My fellow writers on The Motley Fool have been bigging up FTSE 250 growth stock Games Workshop Group (LSE: GME) for years. Some have fallen for it hard.
Ben McPoland named the tabletop miniature gaming master his favourite FTSE 250 stock and even dedicated a playful Valentine’s ode to it in February, where he presciently said it was “destined for a promotion to the FTSE 100“.
I won’t be writing an ode to Games Workshop. More like a lament. Because while I was well aware of its charm, I never got round to buying it.
Games Workshop is playing to win
And now it’s on the brink of FTSE 100 glory after the shares jumped another 25.5% over the last 12 months. Over five years, they’re up 139.34%.
With Games Workshop expected to join the blue-chip index when the next reshuffle is announced on 4 December, it’s attracting even more positive attention.
This morning (28 November), Hargreaves Lansdown praised its “prowess at the full sweep of production design, manufacturing, distribution and retail” that has made it a “global leader”.

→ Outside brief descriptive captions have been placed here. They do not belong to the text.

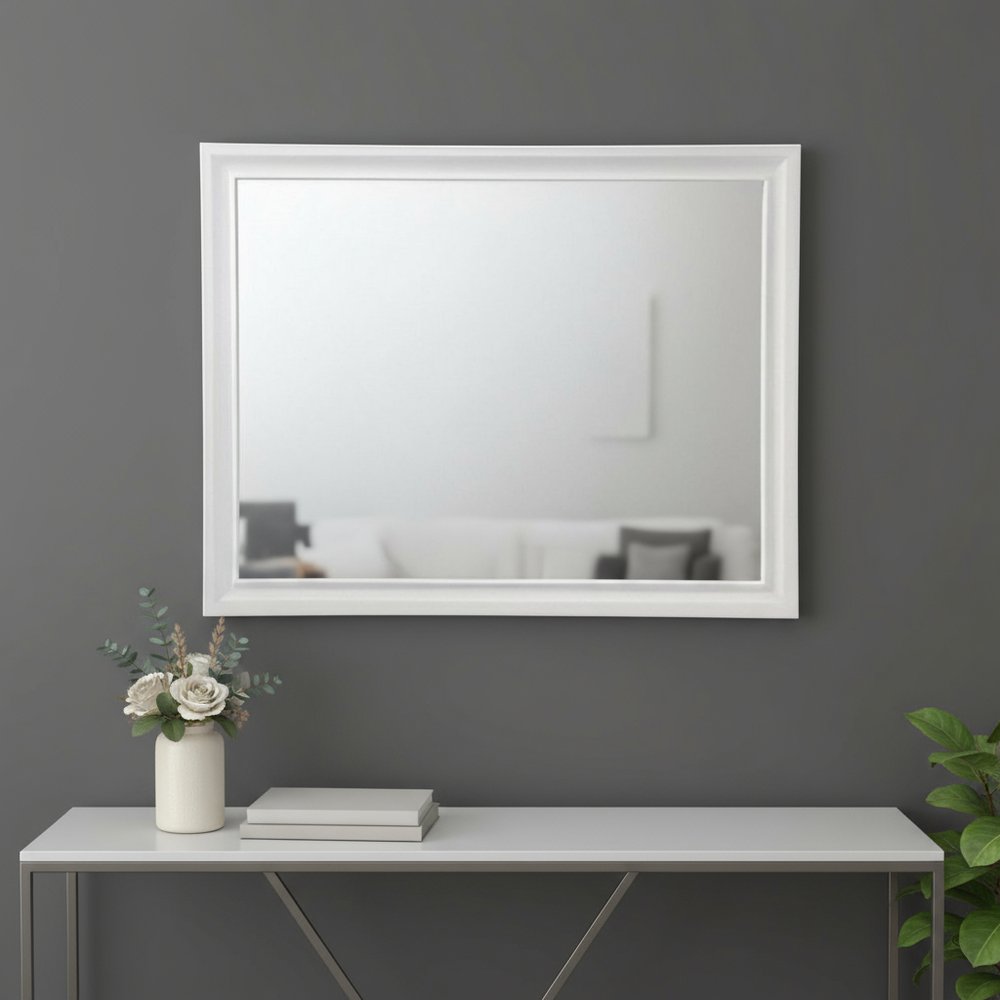 36" White Wood Framed Mounted Dresser Mirror HomeRoots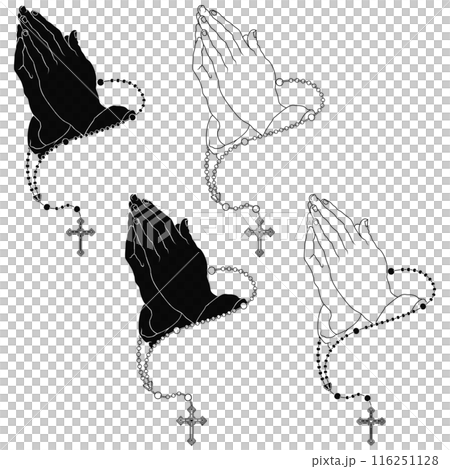 Praying hands with Christian rosary Praying hands with Christian rosary 116251128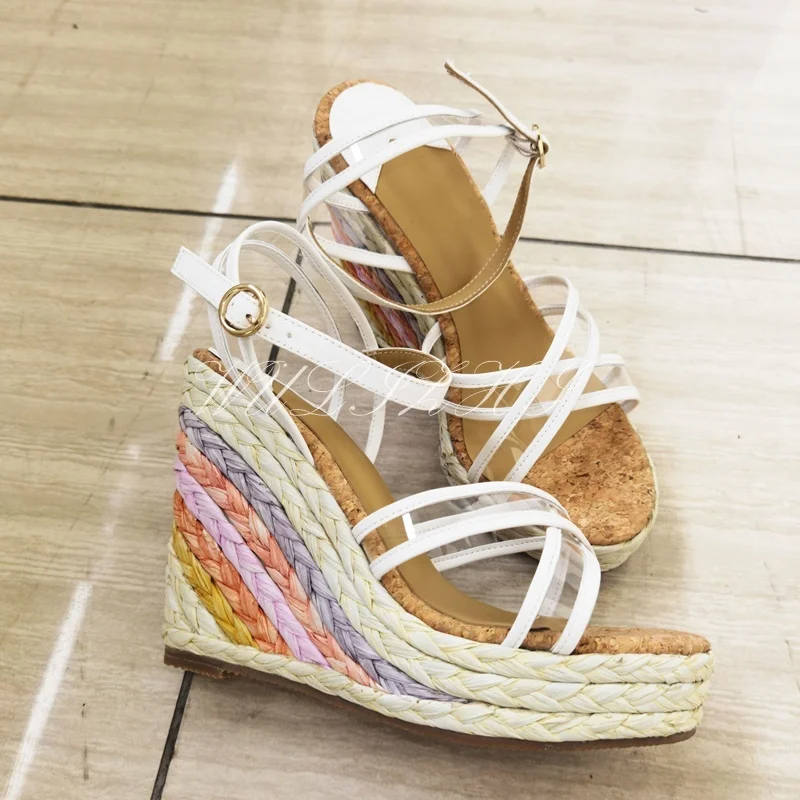 Women Elegant Rainbow Wedge Espadarille Open Slingback Platform Buckle Sandals Cross Design Mixed Colors Cute Sweet Dress Shoes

Big hit Warhammer 40,000 is the most successful miniature war game in the world. Its 10th edition drove record revenues, boosted by its video game licensing.
This push into licensing could drive further growth, as Amazon looks to develop the Warhammer universe into films or TV series.

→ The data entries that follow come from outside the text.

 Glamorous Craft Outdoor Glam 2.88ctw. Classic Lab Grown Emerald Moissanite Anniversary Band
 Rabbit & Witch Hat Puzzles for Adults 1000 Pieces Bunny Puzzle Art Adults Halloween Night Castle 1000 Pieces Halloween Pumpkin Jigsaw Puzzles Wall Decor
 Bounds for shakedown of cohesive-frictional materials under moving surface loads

I’m always wary of buying stocks after a strong run (and have missed out on a lot of top momentum stocks as a result). But this suggests Games Workshop has the potential to power on.

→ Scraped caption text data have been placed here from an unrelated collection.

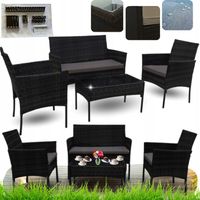 Zestaw Mebli Ogrodowych Technorattan Meble Ogrodowe Komplet SFS010 CZARNY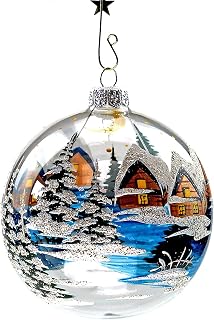 3.5-inch Hand-Painted Glass Christmas Tree Ball, 'Christmas Landscape on a Transparent Background' Pattern, Individually Packed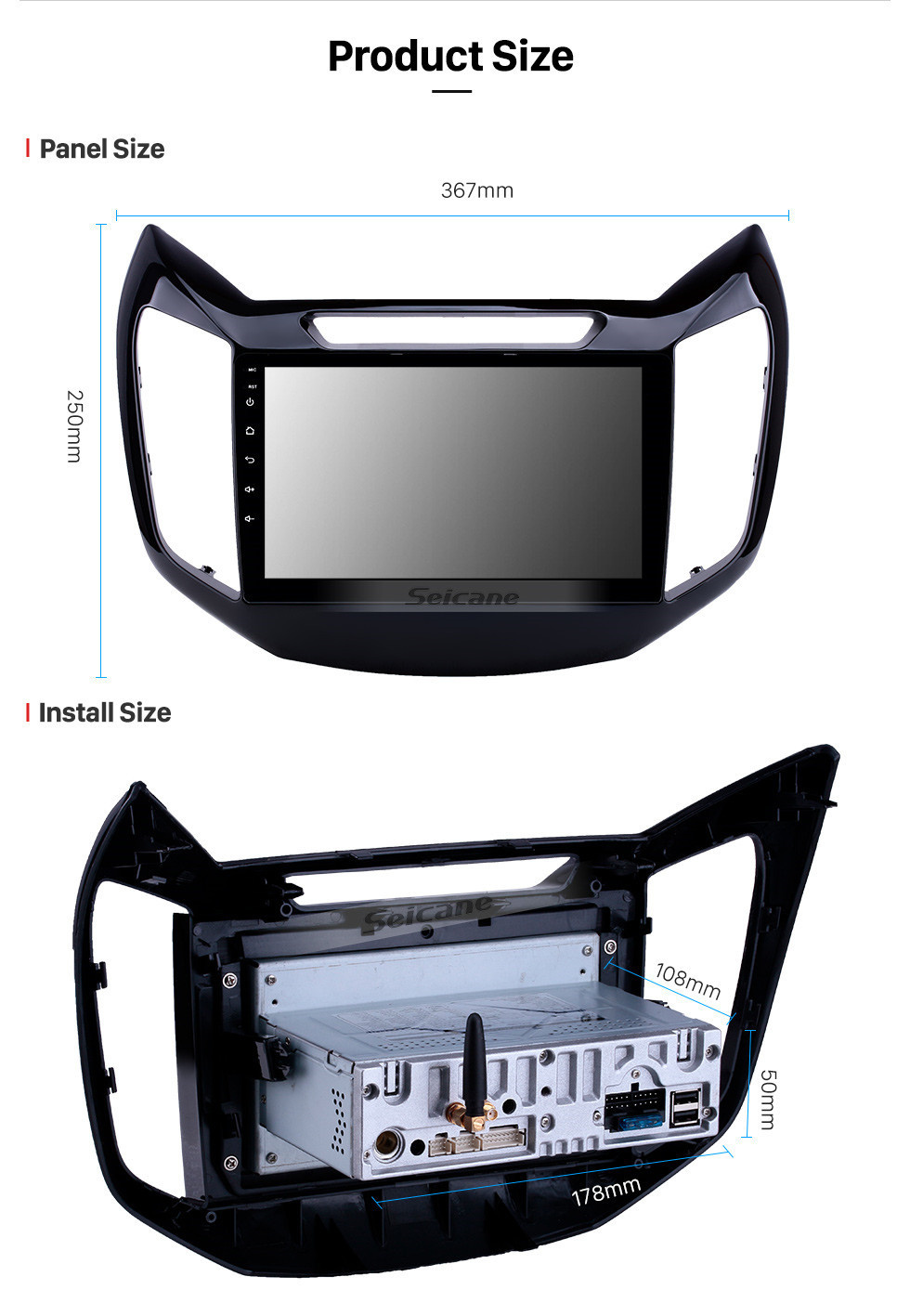 Seicane Oem 9 polegadas Android 11.0 Rádio para 2017 Changan EADO Bluetooth HD Touchscreen Navegação GPS Carplay apoio câmera Retrovisor TPMS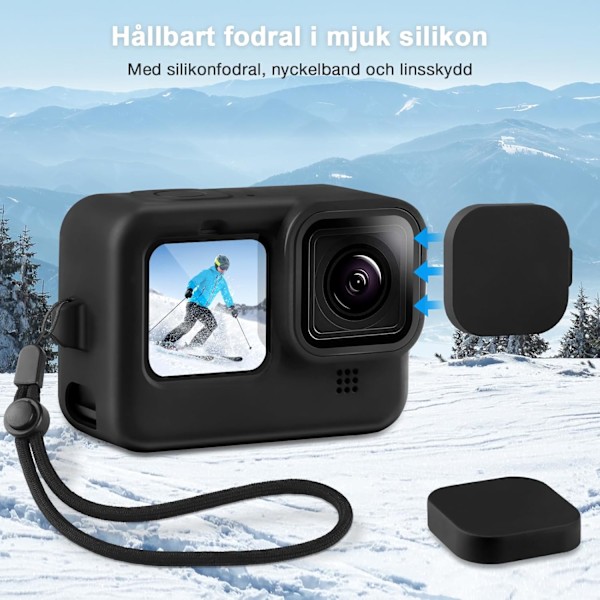 Silikonikotelo ja näytönsuojasarja GoPro Hero 12/11/10/9 mustalle, sisältää silikonikotelon, 6 karkaistua lasista näytönsuojaa ja 2 linssinsuojaa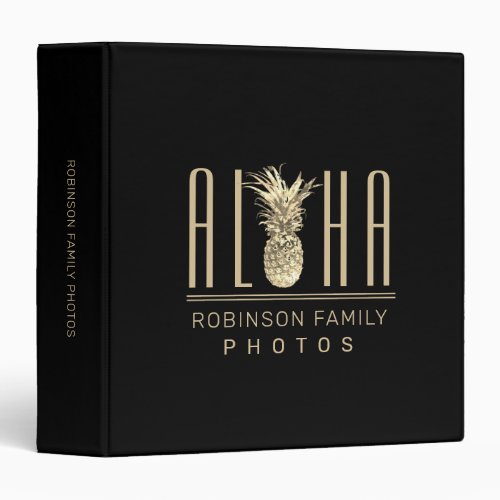 Pineapple Aloha Family Monogram Photo 3 Ring Binder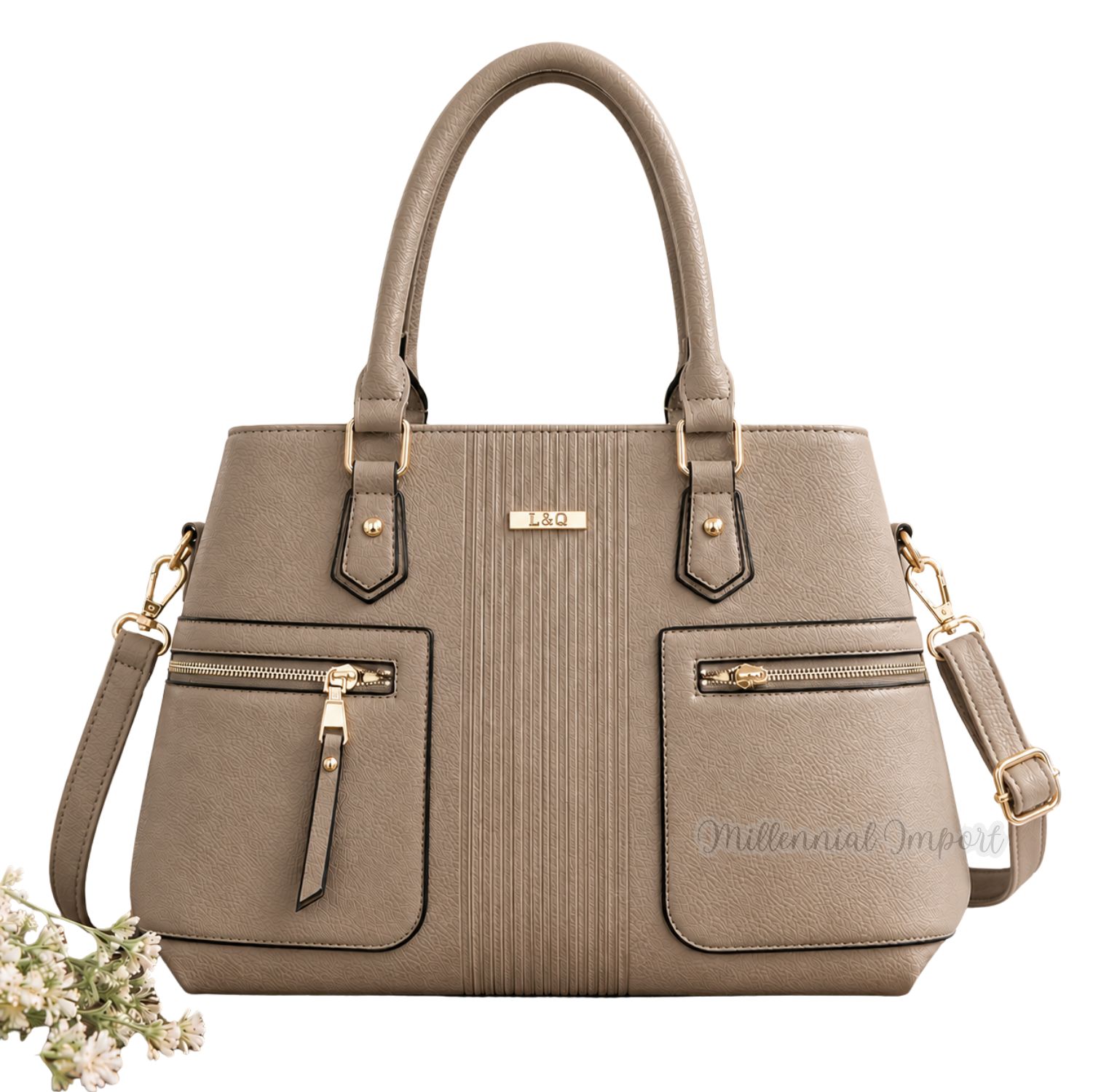 CARTERA DE MANO HOMBRO MUJER CUERO PU ELEGANTE Y AMPLIA CON CORREA REGULABLE COLOR GRIS - 1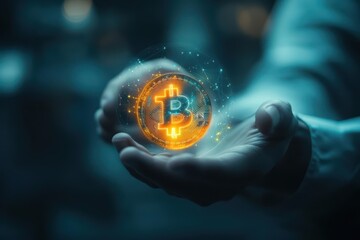 Aufkleber - Robotic hands holding glowing cryptocurrency symbols, AIdriven global economy, sleek design, hightech finance concept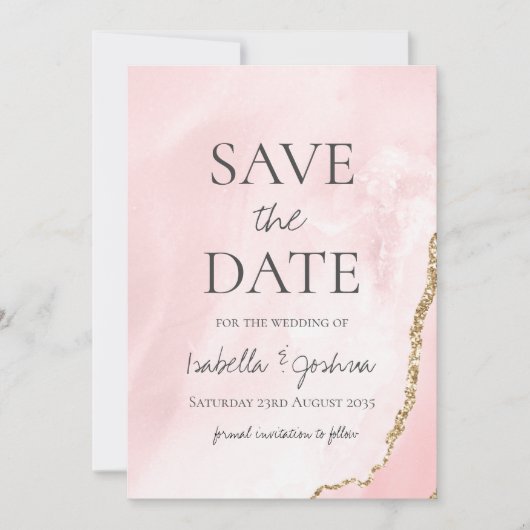 ピンク大理石とローズゴールドのグリッターSave the Date (正面)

The share’s outlook is a bit binary
On 22 November the Games Workshop share price surged 16% to hit yet another all-time high, after the board lifted half-year guidance on the back of better-than-expected recent trading.
Pre-tax profits are forecast to hit at least £120m for the six months to 3 December. That’s up 25% from last year’s £96.1m. Core revenues may top £260m. Licensing revenues from video games, books, merchandise are heading past £30m.
Today, just three analysts offer one-year price targets on the stock (a number that will surely rise). They’ve set a median share price target of 12,850p. That’s actually down 6.17% from today’s 13,840p. This stokes my fear that I’m coming to this too late. Although all three still label it a Strong Buy.
Games Workshop’s shares aren’t cheap, unsurprisingly, with a price-to-earnings ratio of 29.2. However, the yield of 2.72% is higher than I expected. The board seems keen to deliver dividend growth, as this chart shows.
Chart by TradingView
Games Workshop understands its customers and has a strong balance sheet and plenty of cash to fund growth. My big worry is the Amazon tie-up. A successful series could lift Warhammer to another level, but what if fans are disappointed? That’s always a risk with cult intellectual property like this.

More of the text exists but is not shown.